ところが今回の発表では、取締役だけでなく執行役員も変わり、まるで危機に陥った企業の起死回生策のようだ。業績的には磐石に見えたヤフーだが、ここ数年の同社の動きをウォッチしていれば思い当たる節がある。
もはや「タイムマシン経営」も通用せず
実はヤフーは、いち早くソーシャルメディアにチャレンジしていたものの、失敗続きだった。
06年にスタートしたSNSの「Yahoo!Days(当初は「Yahoo!360°」だった)」は、11年10月にサービスを終了した。実名性に注目し、米国で流行した「LinkedIn(リンクトイン)」を模したビジネスSNSといえる「CU」は08年に開始したが、1年を待たずに閉鎖された。登録者数が伸び悩み、事業化のめどが立たなかったからという。ディー・エヌ・エー(DeNA)とは共同で「Yahoo!モバゲー」を展開しているが、ヤフーのサービスで「Yahoo!オークション」以外は、成長しているとは言い難い。
1月25日に行われたアナリスト向けの決算説明会で、井上氏は「タイムマシン経営」が通用しなくなっていることも示唆している。
タイムマシン経営とは、米国と日本のビジネスの「スピードの差」を利用する手法である。すでに米国で流行しているサービスなどを、これから日本で展開すれば成功しやすいというわけだ。その手法を取り入れた企業の代表がヤフーも加わるソフトバンクグループで、米シリコンバレーなどに研究やリサーチ部門を置き、いち早く新しいサービスを発見してビジネスモデルを輸入。確実に利益をあげることができた。だが、ネットの普及などでいまや日米のスピードの差は縮まっている。

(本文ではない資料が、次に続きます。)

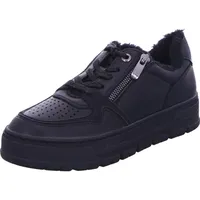 Marco Tozzi Damen Plateau Sneaker mit Schnürsenkeln Freizeit, Schwarz (Black), 37 EU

人材の流出も続いていた。急成長しているフェイスブック日本代表の児玉太郎氏や副代表の森岡康一氏はいずれもヤフー出身。今回、ヤフーに新しく設けられた「チーフモバイルオフィサー(CMO)」の村上臣氏も、昨年退職していた人物だ。
新しいサービスがヒットせず、人材も流出する。これは「踊り場」の成長企業にありがちな状況かもしれない。「もはやヤフー創業時の"お祭り"は終わった」と見る人もいるだろう。
だが、ヤフーの状況とは反対にネットを取り巻く市場の成長力はまだまだ途上であり、動きは一層早くなっている。むしろさまざまなチャンスがあるはずだが、ヤフーは波にうまく乗れなかった。
新興勢力に押されて存在感を示せず
最近はスマートフォンやソーシャルメディアの普及、クラウドコンピューティングによるサーバー費用の低下など、日本でもサービス開発の環境が急激に整備されている。ここ数年は「スタートアップ」と呼ばれるベンチャーと支援体制が急速に日本でも広がっている。シリコンバレーなどと同様な起業環境が整いつつあり、日本から世界に向けてのサービス開発が可能になってきた。

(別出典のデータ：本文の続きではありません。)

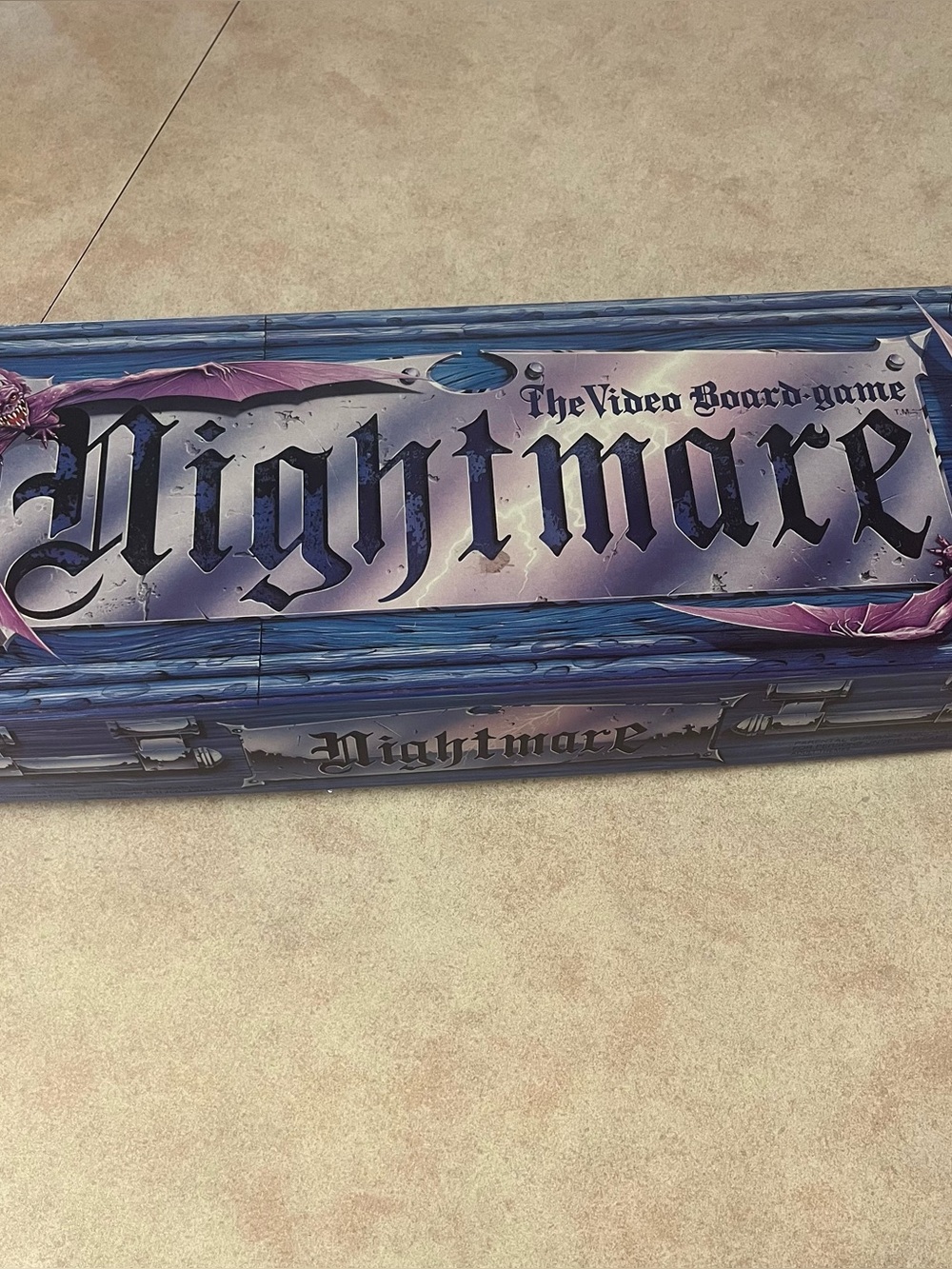 New 1991 "Nightmare" VHS Board Game Open Box (Never Played / Unpunched Tokens)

例えば、NHN Japanのスマホートフォン向けアプリ「LINE(ライン)」はサービス開始から約8カ月で2000万ダウンロードに到達し、6割が海外で利用されている。ツイッターやフェイスブックに出資し、スタートアップ支援も取り組むデジタルガレージ(DG)は世界に向けて開発するために、米サンフランシスコにインキュベーションセンターを開設すると発表している。KDDIなどもベンチャー投資と育成にシフトしている。米国との「時差」はなくなり、日本でもリスクを取りながらもチャンスを狙った新しい取り組みが求められるようになっている。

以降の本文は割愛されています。